Pierre Beaudoin, président et chef de la direction, a expliqué que la décision de réduire la cadence de production était prise en fonction des commandes fermes qui sont reportées ou annulées. Les indicateurs principaux généralement considérés pour évaluer un marché sont la croissance de l'économie et la profitabilité des compagnies. Pour le moment, certaines d'entre elles refusent même de prendre possession d'appareils qu'ils avaient commandés, renonçant plutôt au dépôt déjà versé. Cette situation met de «la pression sur les prix», reconnaît la direction. La réduction de la production vise tous les modèles d'avions d'affaires (une baisse de 25 % des livraisons cette année) et des appareils CRJ au deuxième semestre de l'année en cours. Seuls les avions Q400, très en demande, font l'objet d'une augmentation de production (environ 10 % plus de livraisons d'avions commerciaux). En revanche, le développement de nouveaux programmes d'avions se poursuit comme prévu, particulièrement celui de la CSeries, pour lequel «plusieurs clients manifestent un intérêt profond et significatif», affirme M. Hachey.

Bombardier Transport

Par ailleurs, Bombardier Transport, dont les revenus ont bondi de 25 % pour atteindre 9,8 milliards au cours du dernier exercice, envisage les prochaines années avec un marché beaucoup plus stable.
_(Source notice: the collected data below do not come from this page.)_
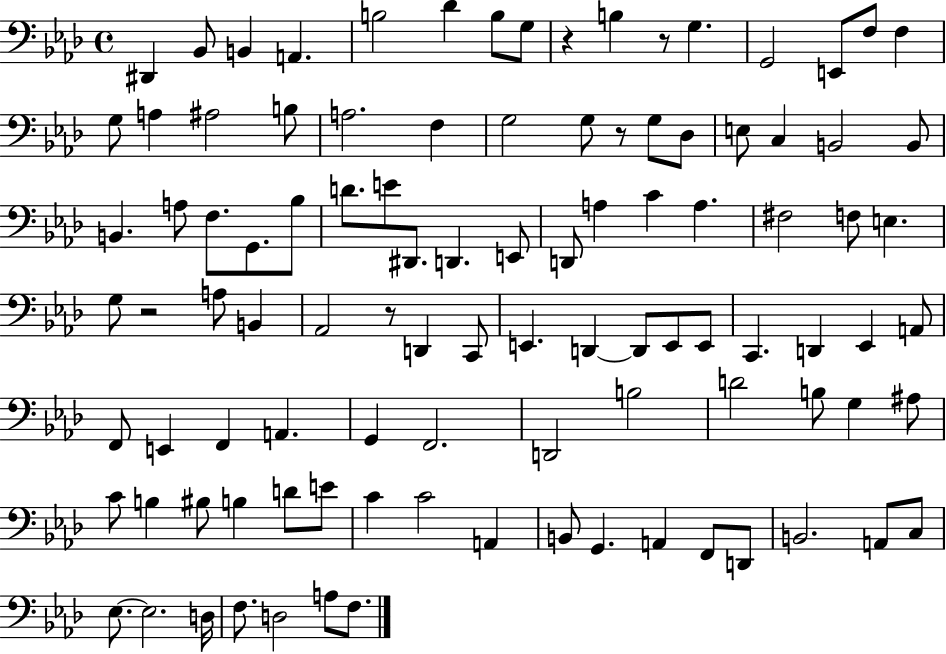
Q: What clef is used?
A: bass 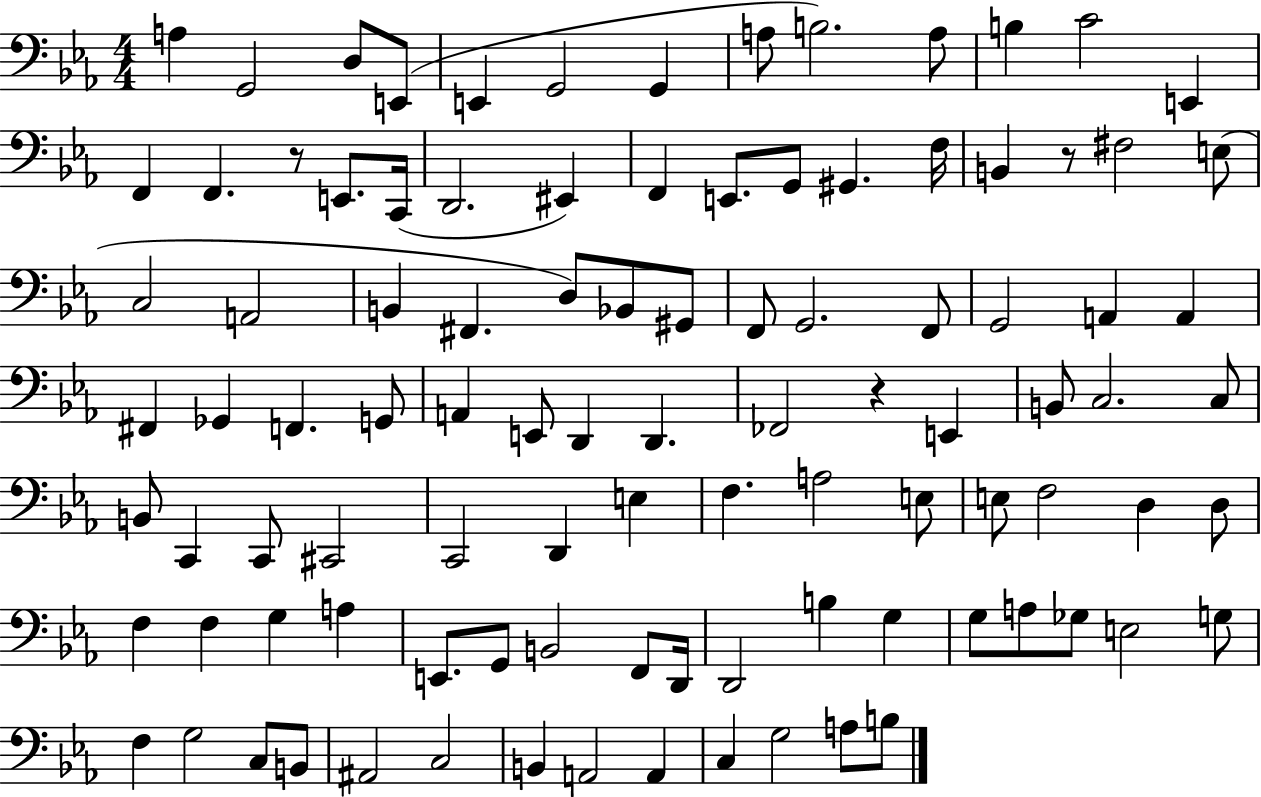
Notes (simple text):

A3/q G2/h D3/e E2/e E2/q G2/h G2/q A3/e B3/h. A3/e B3/q C4/h E2/q F2/q F2/q. R/e E2/e. C2/s D2/h. EIS2/q F2/q E2/e. G2/e G#2/q. F3/s B2/q R/e F#3/h E3/e C3/h A2/h B2/q F#2/q. D3/e Bb2/e G#2/e F2/e G2/h. F2/e G2/h A2/q A2/q F#2/q Gb2/q F2/q. G2/e A2/q E2/e D2/q D2/q. FES2/h R/q E2/q B2/e C3/h. C3/e B2/e C2/q C2/e C#2/h C2/h D2/q E3/q F3/q. A3/h E3/e E3/e F3/h D3/q D3/e F3/q F3/q G3/q A3/q E2/e. G2/e B2/h F2/e D2/s D2/h B3/q G3/q G3/e A3/e Gb3/e E3/h G3/e F3/q G3/h C3/e B2/e A#2/h C3/h B2/q A2/h A2/q C3/q G3/h A3/e B3/e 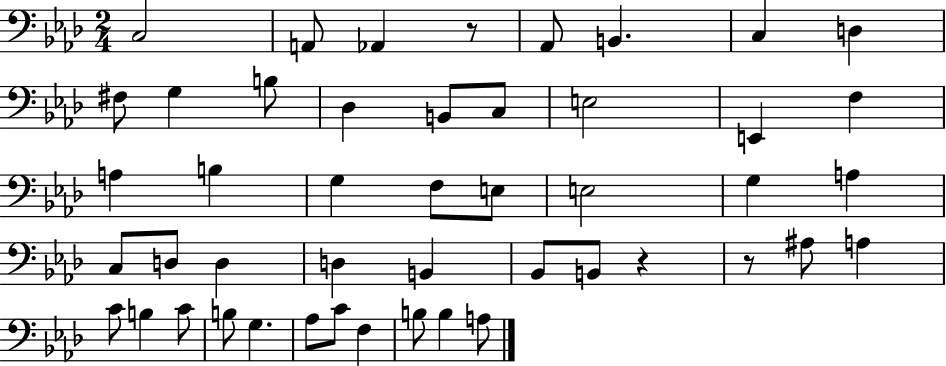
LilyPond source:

{
  \clef bass
  \numericTimeSignature
  \time 2/4
  \key aes \major
  \repeat volta 2 { c2 | a,8 aes,4 r8 | aes,8 b,4. | c4 d4 | \break fis8 g4 b8 | des4 b,8 c8 | e2 | e,4 f4 | \break a4 b4 | g4 f8 e8 | e2 | g4 a4 | \break c8 d8 d4 | d4 b,4 | bes,8 b,8 r4 | r8 ais8 a4 | \break c'8 b4 c'8 | b8 g4. | aes8 c'8 f4 | b8 b4 a8 | \break } \bar "|."
} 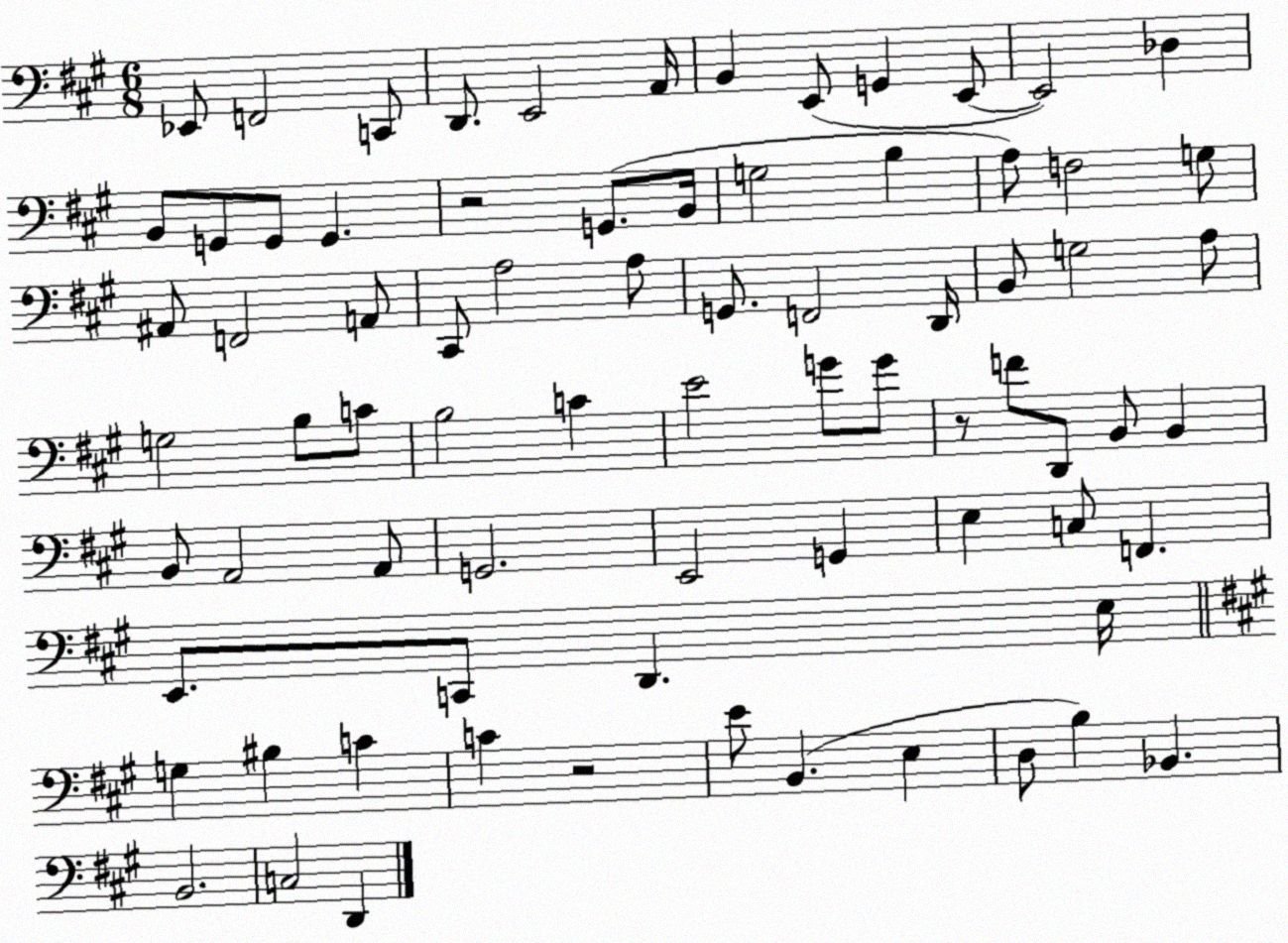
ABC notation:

X:1
T:Untitled
M:6/8
L:1/4
K:A
_E,,/2 F,,2 C,,/2 D,,/2 E,,2 A,,/4 B,, E,,/2 G,, E,,/2 E,,2 _D, B,,/2 G,,/2 G,,/2 G,, z2 G,,/2 B,,/4 G,2 B, A,/2 F,2 G,/2 ^A,,/2 F,,2 A,,/2 ^C,,/2 A,2 A,/2 G,,/2 F,,2 D,,/4 B,,/2 G,2 A,/2 G,2 B,/2 C/2 B,2 C E2 G/2 G/2 z/2 F/2 D,,/2 B,,/2 B,, B,,/2 A,,2 A,,/2 G,,2 E,,2 G,, E, C,/2 F,, E,,/2 C,,/2 D,, E,/4 G, ^B, C C z2 E/2 B,, E, D,/2 B, _B,, B,,2 C,2 D,, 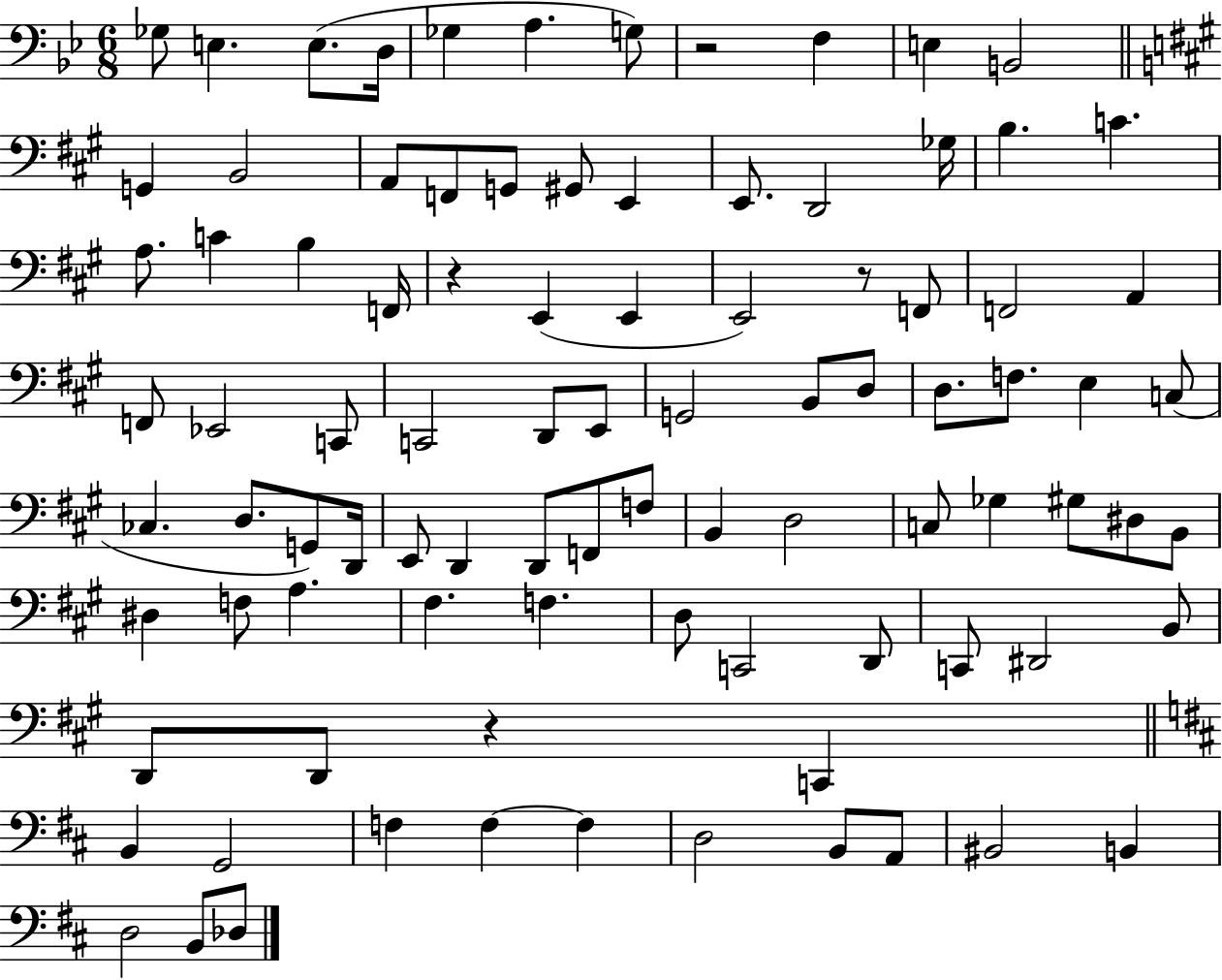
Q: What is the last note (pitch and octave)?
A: Db3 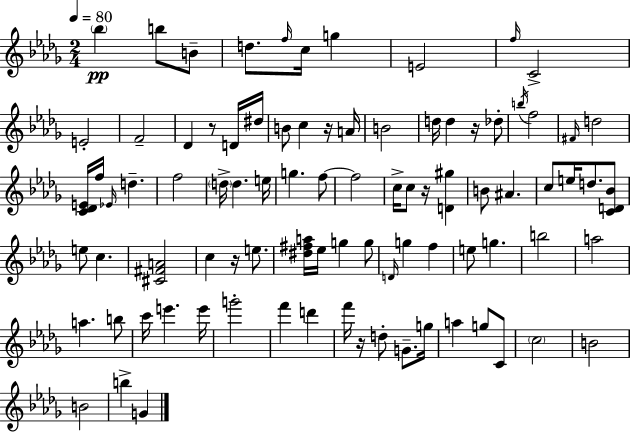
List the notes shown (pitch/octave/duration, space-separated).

Bb5/q B5/e B4/e D5/e. F5/s C5/s G5/q E4/h F5/s C4/h E4/h F4/h Db4/q R/e D4/s D#5/s B4/e C5/q R/s A4/s B4/h D5/s D5/q R/s Db5/e B5/s F5/h F#4/s D5/h [C4,Db4,E4]/s F5/s Eb4/s D5/q. F5/h D5/s D5/q. E5/s G5/q. F5/e F5/h C5/s C5/e R/s [D4,G#5]/q B4/e A#4/q. C5/e E5/s D5/e. [C4,D4,Bb4]/e E5/e C5/q. [C#4,F#4,A4]/h C5/q R/s E5/e. [D#5,F#5,A5]/s Eb5/s G5/q G5/e D4/s G5/q F5/q E5/e G5/q. B5/h A5/h A5/q. B5/e C6/s E6/q. E6/s G6/h F6/q D6/q F6/s R/s D5/e G4/e. G5/s A5/q G5/e C4/e C5/h B4/h B4/h B5/q G4/q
Il a obtenu des nouvelles commandes pour 9,8 milliards au cours de la dernière année et son carnet de commandes atteint 24,7 milliards, soit l'équivalent de deux années de revenus. «La récession actuelle devrait avoir une incidence limitée sur Bombardier Transport, qui réaffirme son objectif d'atteindre une marge du bénéfice avant impôts et intérêts de 6 % en 2010», a déclaré André Navarri, président et chef de l'exploitation.

Présentement les divisions de l'aérospatiale (chiffre d'affaires de 10 milliards) et du transport génèrent des revenus presque identiques, mais Pierre Beaudoin a reconnu hier que la division transport aura surpassé celle de l'aérospatiale à la fin du présent exercice. Globalement, Bombardier a déclaré des revenus de 19,7 milliards, en hausse de 2,2 milliards sur l'exercice précédent. Le bénéfice par action a été de 56 cents, comparativement à 16 cents l'année d'avant. Son carnet de commandes atteint 48,2 milliards en comparaison de 53,6 milliards. Le flux de trésorerie disponible n'est plus que de 342 millions, alors qu'il était de deux milliards en 2007. La situation de trésorerie nette se retrouve à 295 millions, en comparaison de 504 millions l'année précédente. Bombardier considère avoir une solide situation de trésorerie et n'a aucune échéance de dette avant mai 2012. Toutefois, le déficit des régimes de retraite, qui a augmenté de 300 millions, atteint 1,5 milliard, et on prévoit une augmentation additionnelle de 400 millions cette année. Le titre de Bombardier a clôturé hier à Toronto à 3,35 $, en hausse de 31 ¢ ou de 10,2 %.